— Required action —
Return each line below exactly as it reads, and omit any image in it.

— Supplied material —
#####

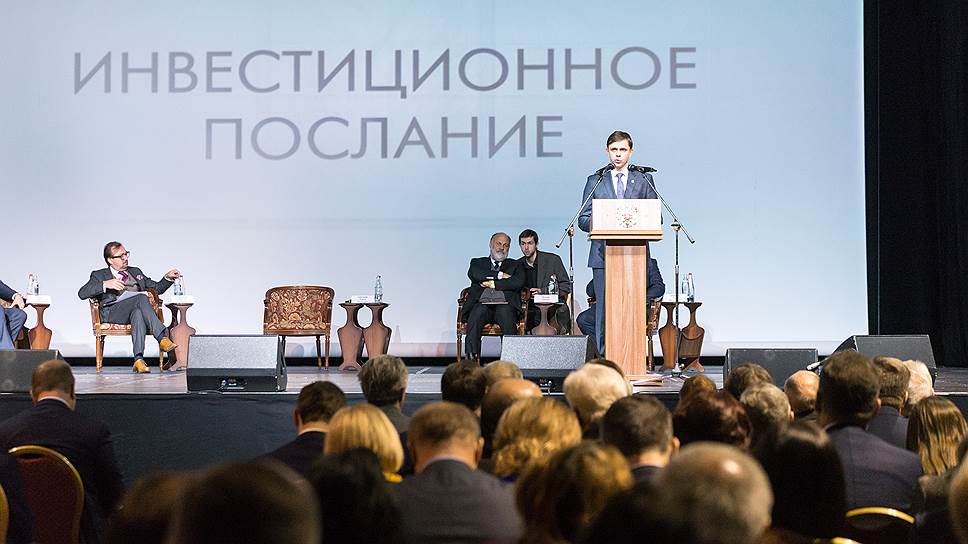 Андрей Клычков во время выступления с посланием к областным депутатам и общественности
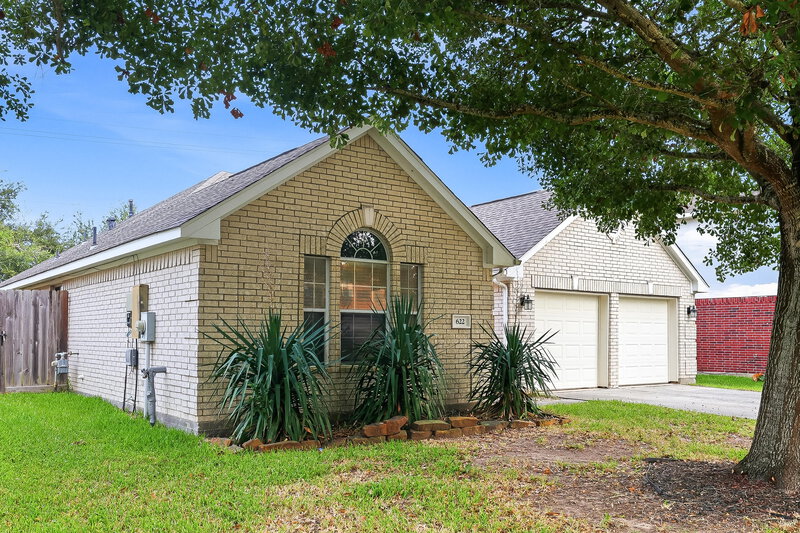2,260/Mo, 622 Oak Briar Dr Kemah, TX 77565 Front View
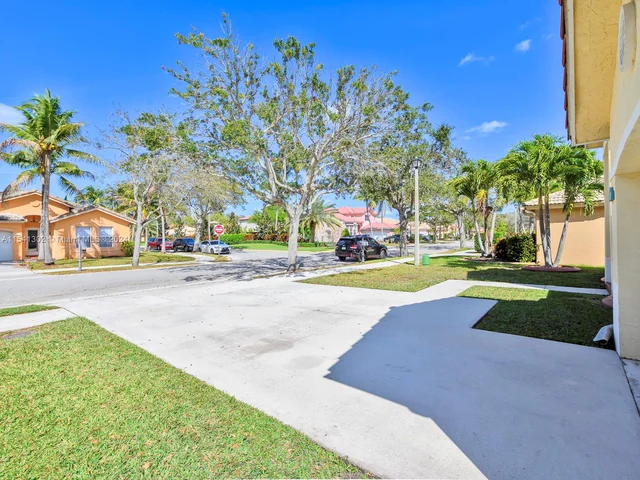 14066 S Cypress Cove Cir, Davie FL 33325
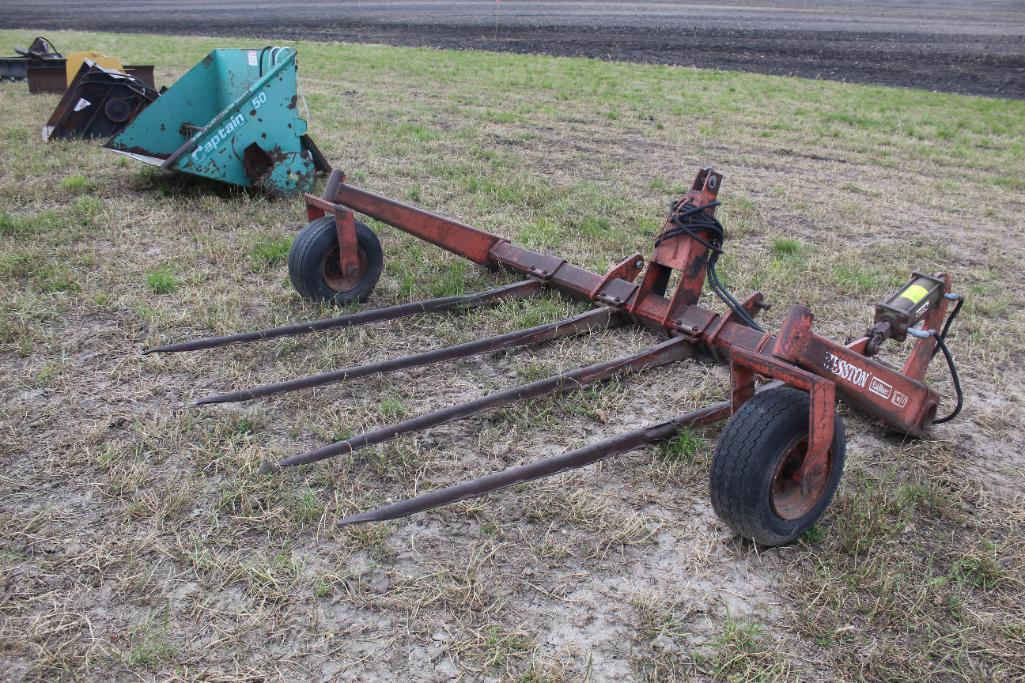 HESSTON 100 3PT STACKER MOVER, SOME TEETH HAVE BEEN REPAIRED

#####

— Solved problem —
 Андрей Клычков во время выступления с посланием к областным депутатам и общественности
2,260/Mo, 622 Oak Briar Dr Kemah, TX 77565 Front View
 14066 S Cypress Cove Cir, Davie FL 33325
 HESSTON 100 3PT STACKER MOVER, SOME TEETH HAVE BEEN REPAIRED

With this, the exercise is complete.